Closed silverbottlep closed 5 years ago

silverbottlep commented 5 years ago

Hi, thanks for the fantastic work! I looked at the embeddings and It seems that train/val/test split is different than original one (https://github.com/twitter/meta-learning-lstm). Is it a mistake or intended?

sygi commented 5 years ago

Hello, thank you for your question. I have quickly skimmed the repo and looked at test.csv file and it looks like it contains the same classes as the ones we used in our split. I also looked a little at the exact ids of the files from one of the classes and they also look similar (on a first look).

Are you able to tell me why do you think the split is different? Can you give an example of the file/class that is included in one of our/original splits?

Thank you

silverbottlep commented 5 years ago

Thanks for your response, I just checked again, test split is same but train/val splits are different (I might be doing something wrong, so please double check!)

leo validation split classes n01558993 n01910747 n02074367 n02091831 n02101006 n02114548 n02165456 n02606052 n02687172 n02971356 n03908618 n04243546 n04389033 n04604644 n07697537 n13133613

original validation split classes n01855672 n02091244 n02114548 n02138441 n02174001 n02950826 n02971356 n02981792 n03075370 n03417042 n03535780 n03584254 n03770439 n03773504 n03980874 n09256479

At the end of the day, we evaluate on test set, so it should be okay. But, from my experience validation errors are quite different, and we do hyperparameter search on validation set, and it might give us different results, considering small size dataset like mini-imagenet.

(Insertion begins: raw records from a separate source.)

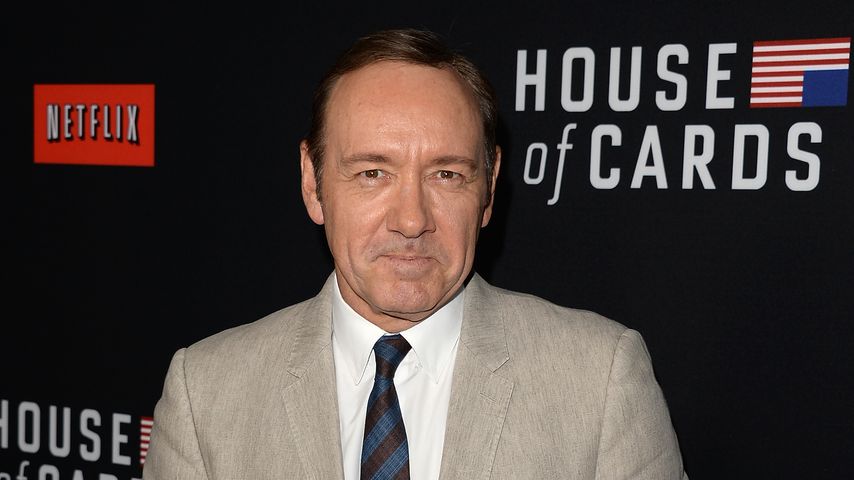 Kevin Spacey darf sich nicht vor Gerichtsverhandlung drücken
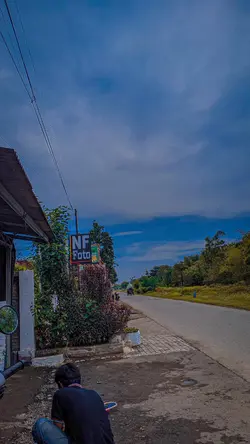 nyandak angin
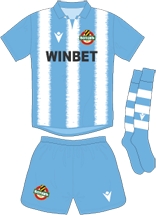 Football shirt image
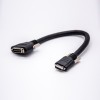 VHDCI Male 26pin à SCSI Male 26pin câble straight overmolded cable 0.25M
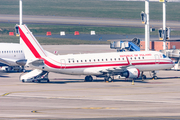 Polish Government Embraer ERJ-175LR (ERJ-170-200LR) (SP-LIG) at  Brussels - International, Belgium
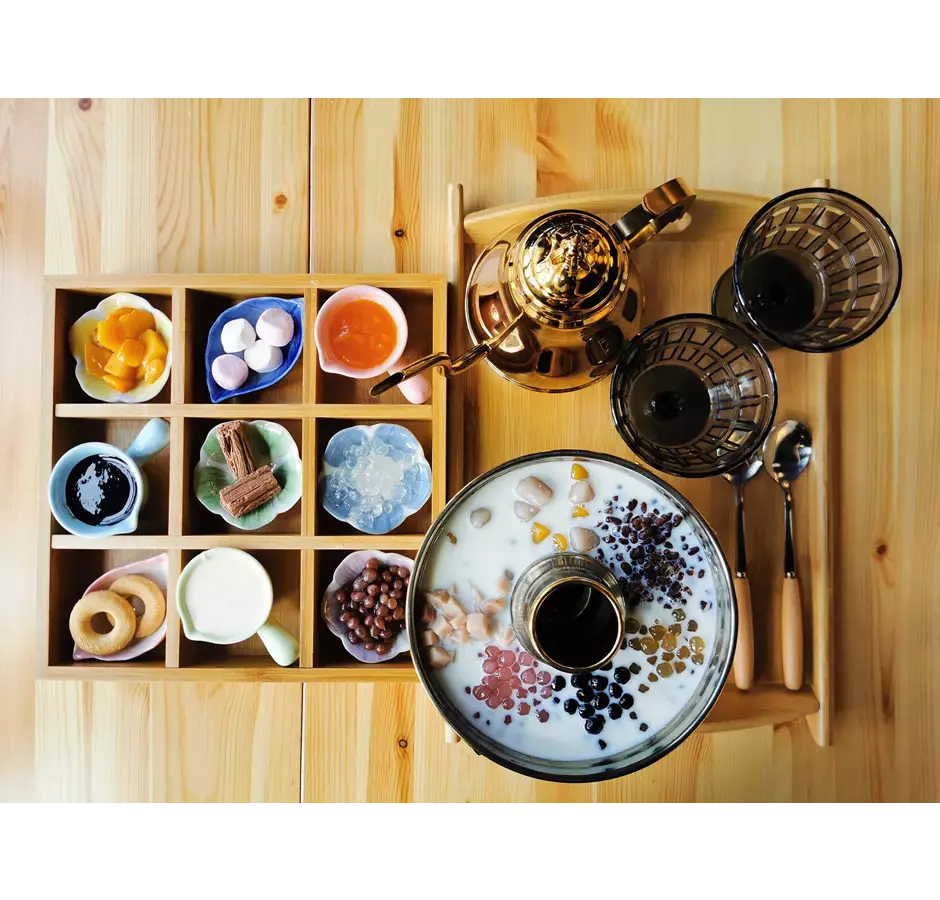 Bubble Tea J Bings Bubble Tea Hotpot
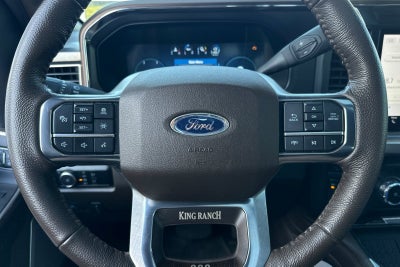 2023 Ford F-350SD King Ranch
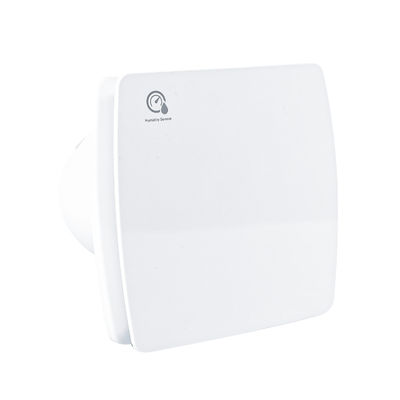 Kleiner Lüftungskanal-Typ Decken-Axial-Flow-Luftabsaugventilator mit individuellem Logo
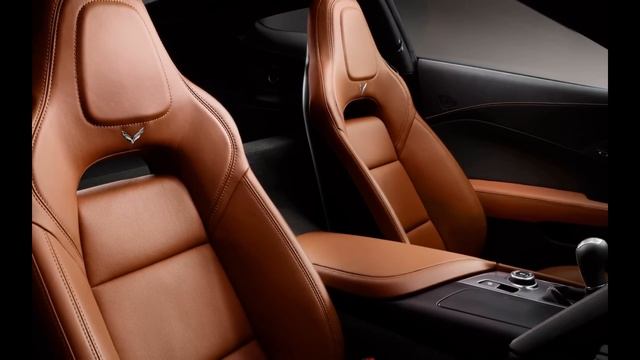 The All-New 2014 Chevrolet Corvette Stingray {Interior And Exterior} [HD] смотреть онлайн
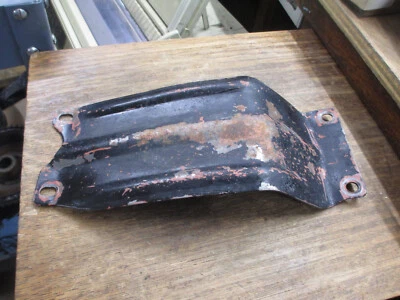 Harley Flathead ULH UH Knucklehead Panhead EL FL UL OEM Skid Plate — 第 1/4 张图片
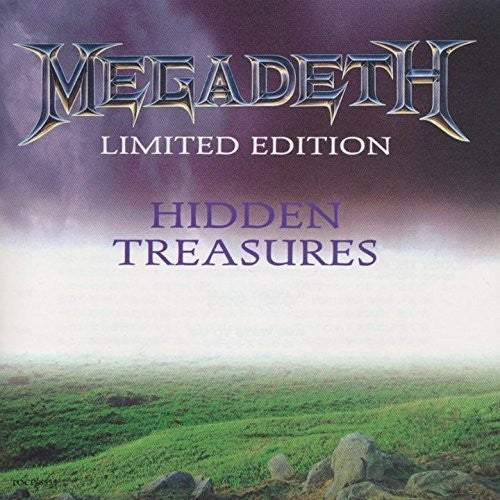 Megadeth - Hidden Treasures (Super-High Material CD, Japan) [Import] ((CD))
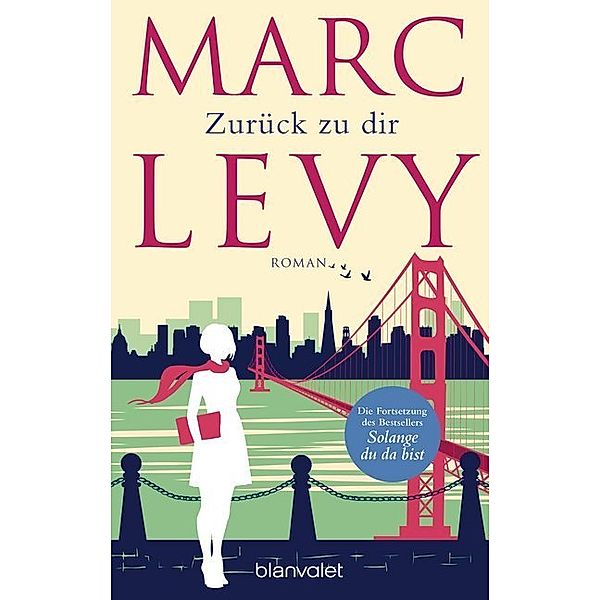 Zurück zu dir, Marc Levy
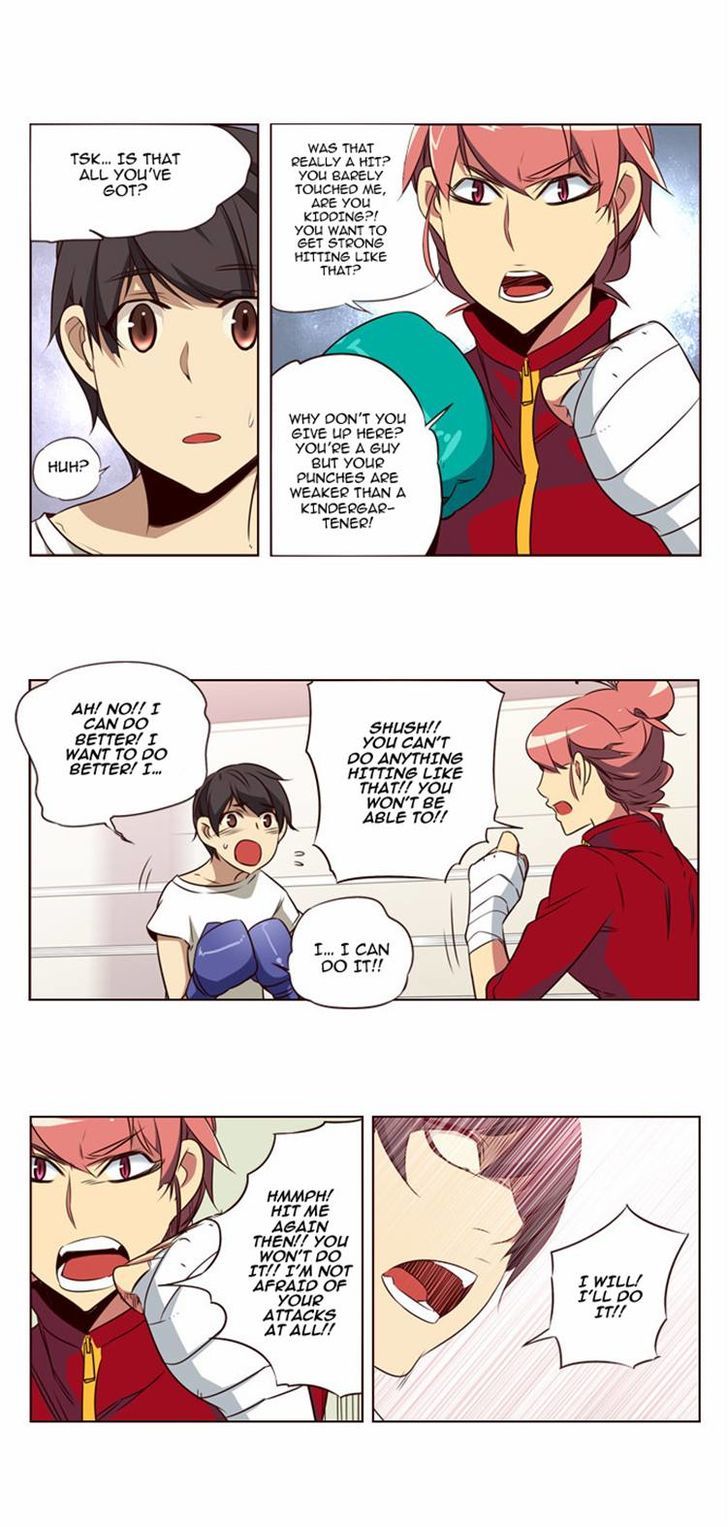 Girls of the Wild's Chapter 114 page 9 - Chapter 114
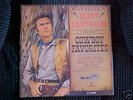 CLINT EASTWOOD SINGS COWBOY FAVORITES-OST LP/NM M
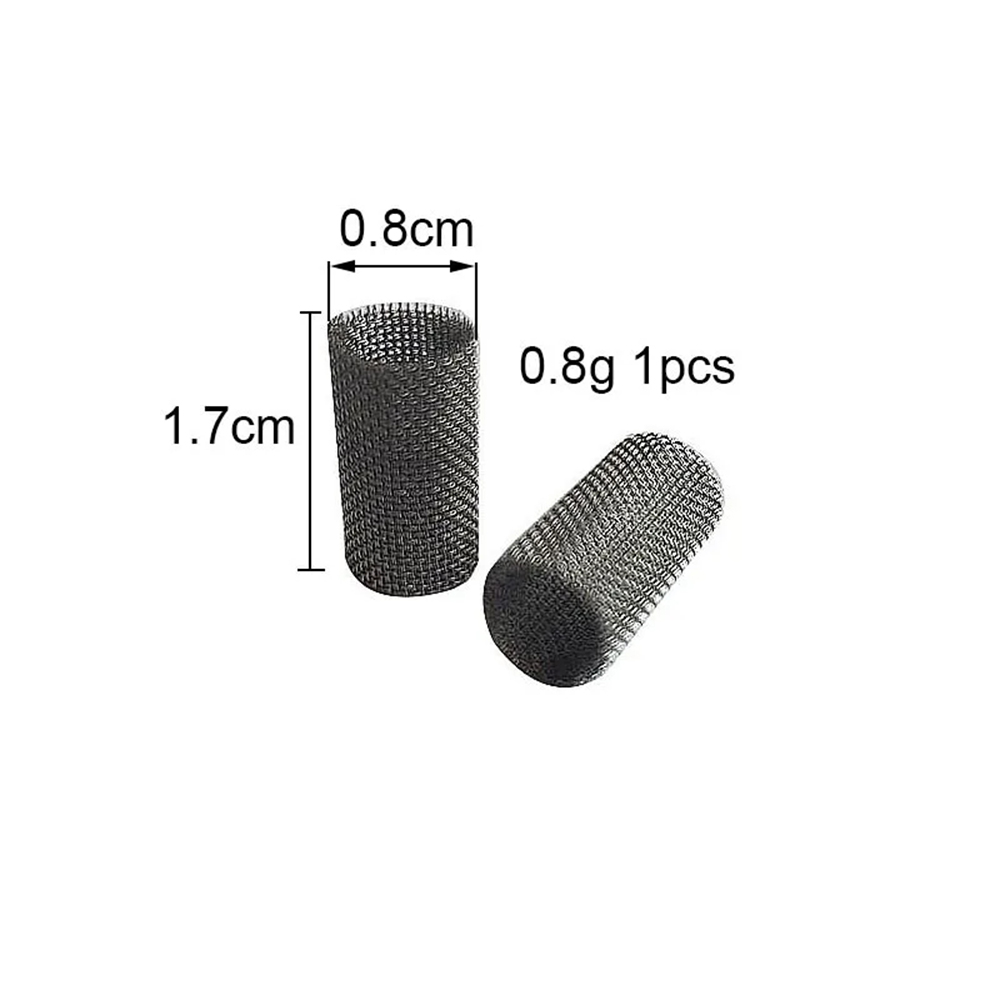 100 Pcs 310s Stainless Steel S - Stainless Mesh Band review and price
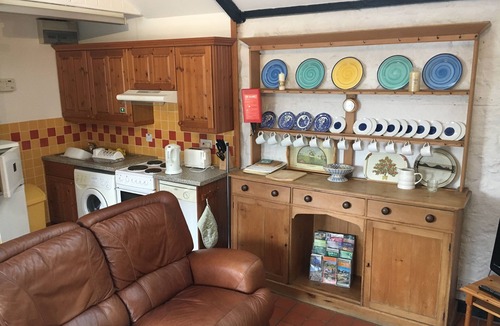 Cowbridge Cottage | Moorshead Farm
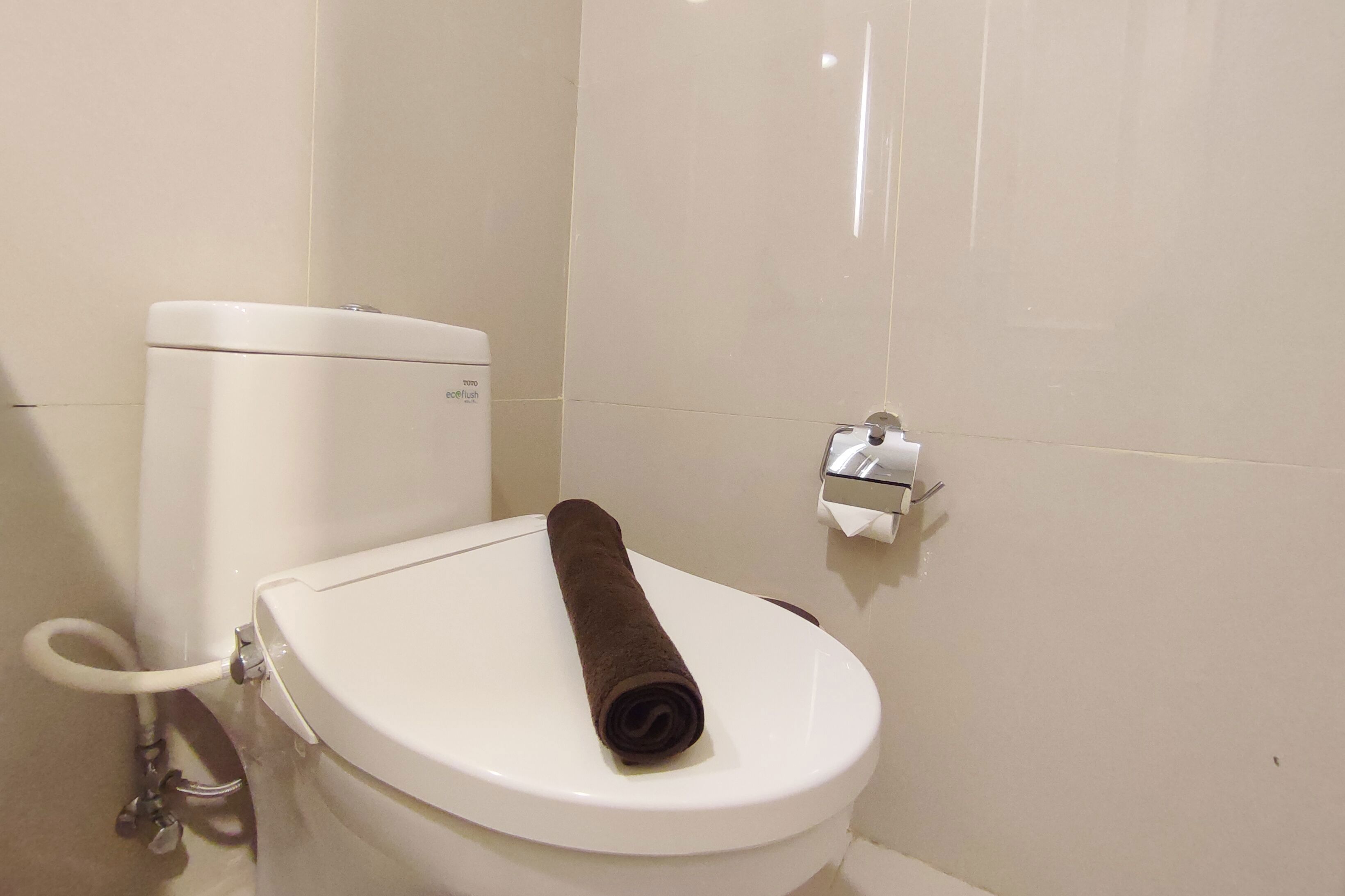 Elegant And Homey Studio At Marquis De Lafayette Apartment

andreirusu commented 5 years ago

Any train/valid split will do, there is no "correct" one. Since previous SOTA has trained their model on train+valid, as they should, we also used both splits for final results. Which split is used for hyper-parameters choices is less important. In fact, we should have used a leave-16-out cross validation regime and should have evaluated 5 grids to find the best setting of hypers across all 5 blocks of 16 classes as validation. Naturally, that is more expensive, but it would have found better hyper-param, at least in theory. Short of that, any split will do.